A guy phones a law office and says, "I want to speak to my lawyer." The receptionist replies, "I'm sorry but he died last week." The next day he phones again and asks the same question. The receptionist replies, "I told you yesterday, he died last week." The next day the guy calls again and asks to speak to his lawyer. By this time the receptionist is getting annoyed and replies, "I keep telling you that your lawyer died last week. Why do you keep calling?" The guy responds, "Because I just love hearing it."
A Scottish Presbyterian is rescued after many years on a desert island. As he stands on the deck of the rescuing vessel, the captain says to him, "I thought you were stranded alone. How come I can see three huts on the beach?" - "Well," replies the castaway, "that one there is my house and that one there is where I go to church." - "And the third one?" asks the skipper. - "Oh, that's my old church."
Little tommy says to his mum "Where do babies come from mummy? "The stork brings them" she says "Oh" says tommy "Who fucked the stork?"
I tried to open a new e mail account today, When it asked me to enter a password I entered "penis" Message flashed up "PASSWORD REJECTED, TOO SHORT" I thought, how the fuck does yahoo know the size of my prick ??

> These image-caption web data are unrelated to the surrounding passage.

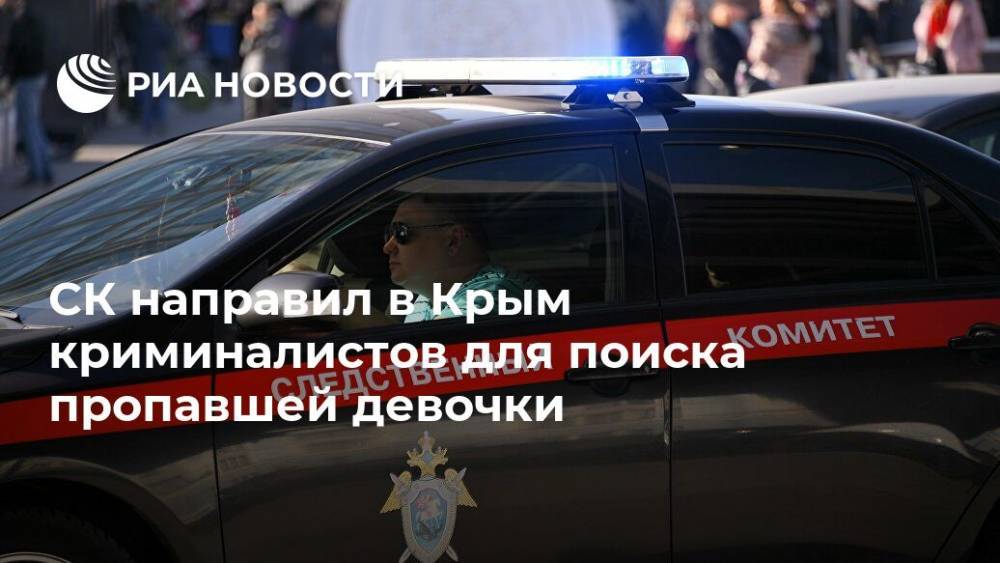Александр Бастрыкин - СК направил в Крым криминалистов для поиска пропавшей девочки - ria.ru - Россия - Крым - Симферополь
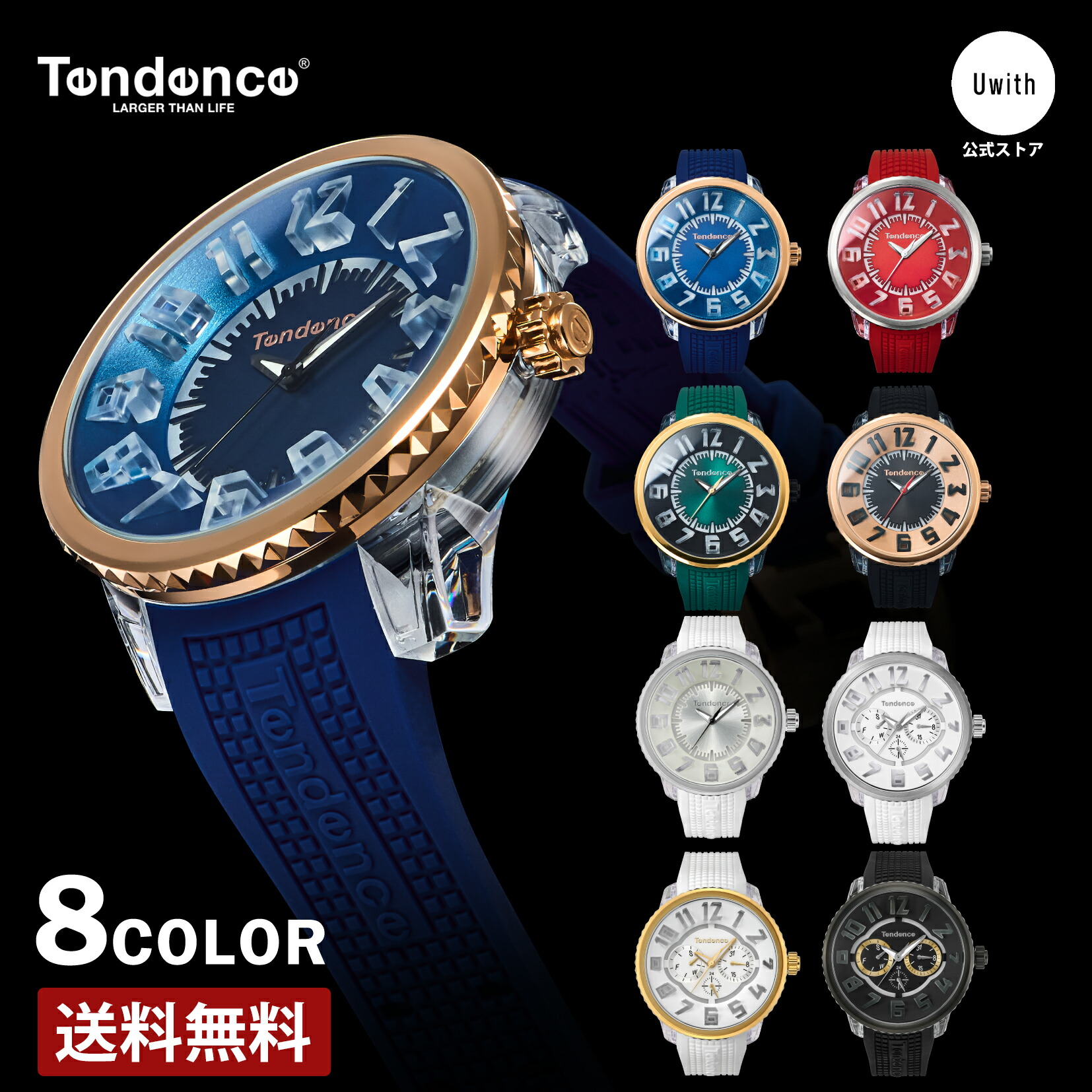 【楽天市場】【公式ストア＆オリジナルトランププレゼント】 テンデンス Tendence メンズ腕時計 Flash 全8モデル メンズ ブルー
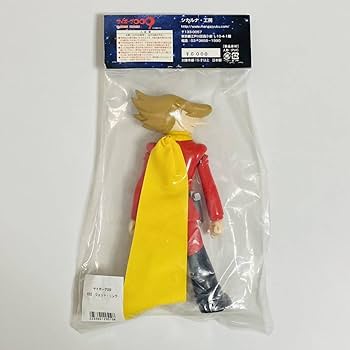 シカルナ工房 チオス シカルナ工房 チオス シカルナ工房 チオス シカルナ・工房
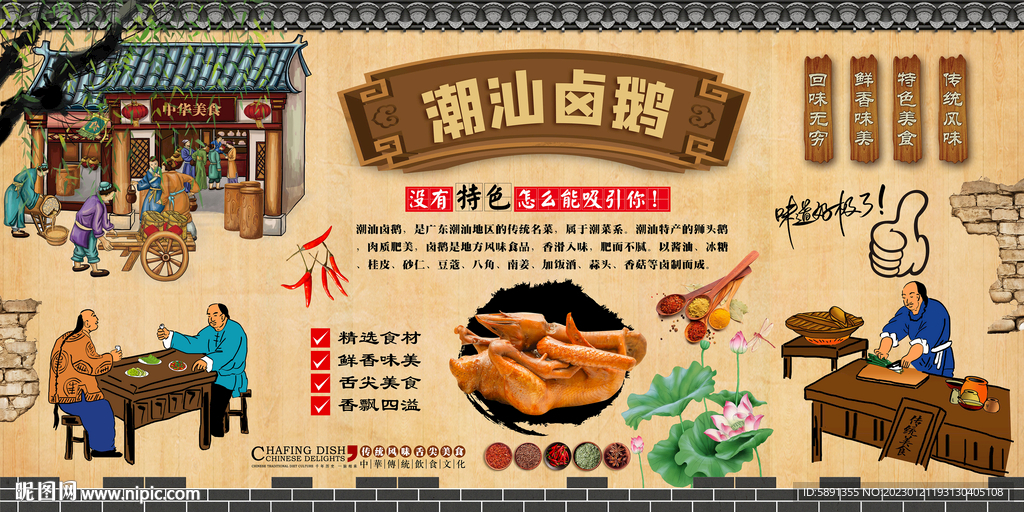 潮汕卤鹅背景墙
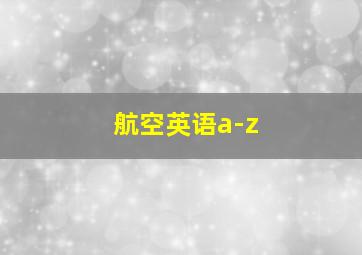 航空英语a-z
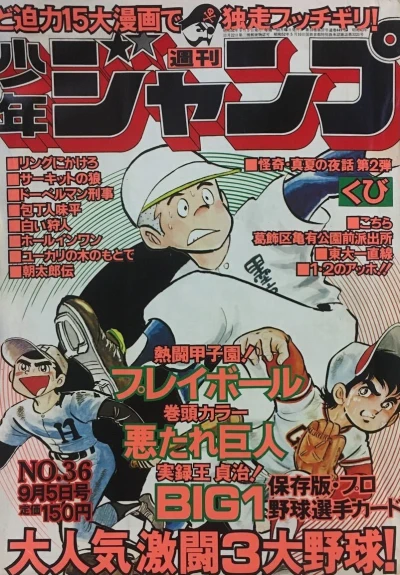 Cover of No. 36, 1977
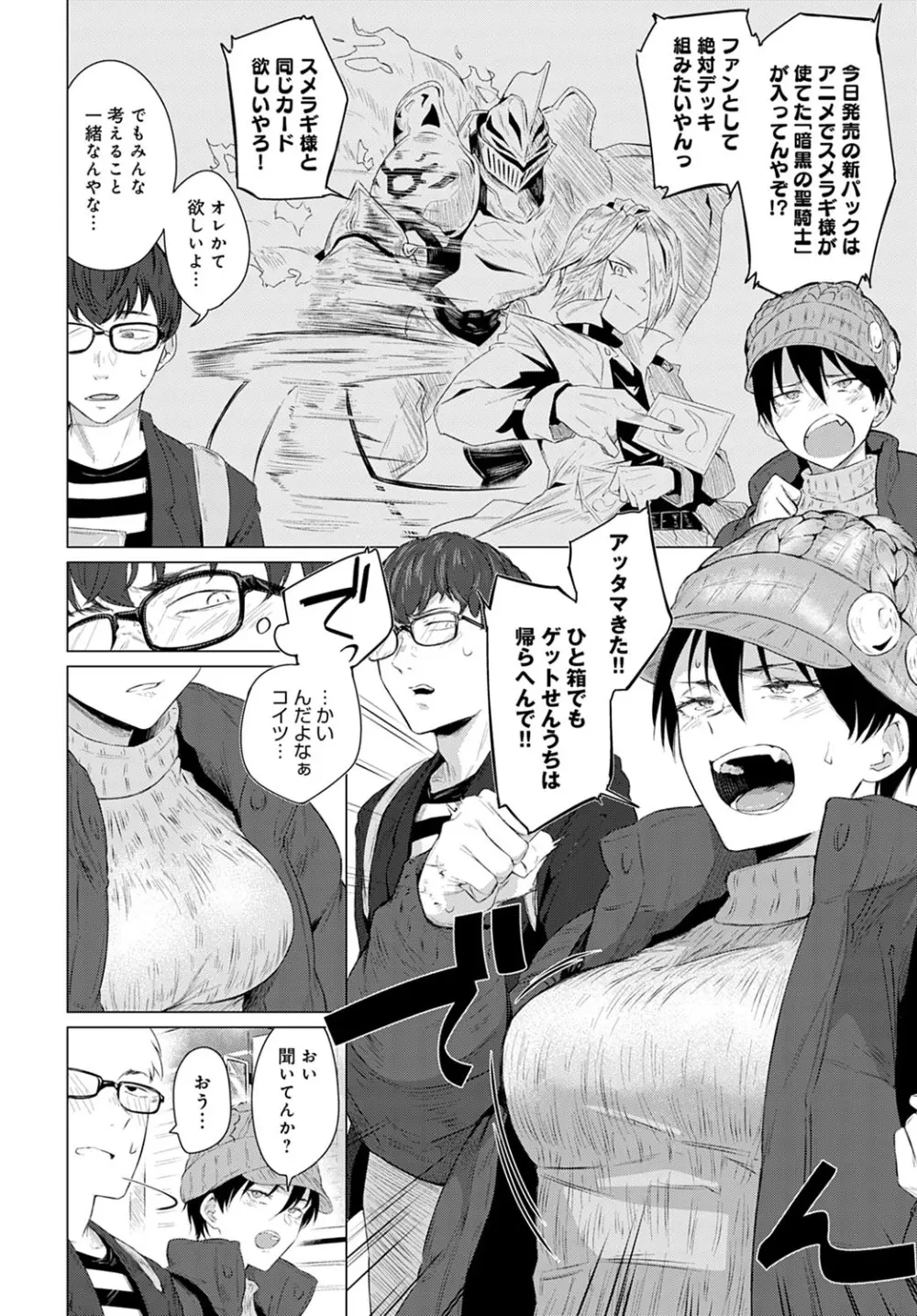 COMIC アンスリウム 2022年4月号 Page.83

Everybody knows. On the other hand, my dick is soooooooooo big: It has it's own zip code. The time my dick is on is an hour behind mine. True It has it's own hedge fund. It was with SAC, but they fired my dick, because they said one big dick was enough. My dick is so big, it has a personal assistant who sees to it 's every need, even daily personal massages. Ok, most of the time, that's me. My dick is so big, I have to check it at the door of nightclubs. I have to wear a back brace. My dick gets its own junk mail. Again, true. Check my inbox. I shop for my dick at Petsmart. In the cold weather, it likes to wear those crocheted vests with the hat. My dick is soooooo big, when I used "mybigdick" as a password on Yahoo, the response was "Yes Sir". PS. I will be withdrawing (pun intended) from the Presidential Campaign this afternoon.
Cold War History It is not widely known, but, back in the 80s, the Soviet Propaganda Anegcy contacted an American condom manufacturer and ordered 10 crates of 24-inch condoms "for use by the Soviet Special Forces." The issue was escalated to the State Department, because of the potential impact on how the world perceived our chief rival power, and James Baker himself brought it to Ronald Reagan's attention. The Great Communicator took but an instant to solve the problem: "Tell them to fill the order and stamp the crates 'Size - Medium.'"
you think that's something. I was rejected by selective service for flat feet, but my dick went to West Point. 3rd in it's class, btw.
no nomination for you. Funny though. Can someone direct me to the "Politically Correct Joke Thread", AKA the "Unfunny Joke Thread"?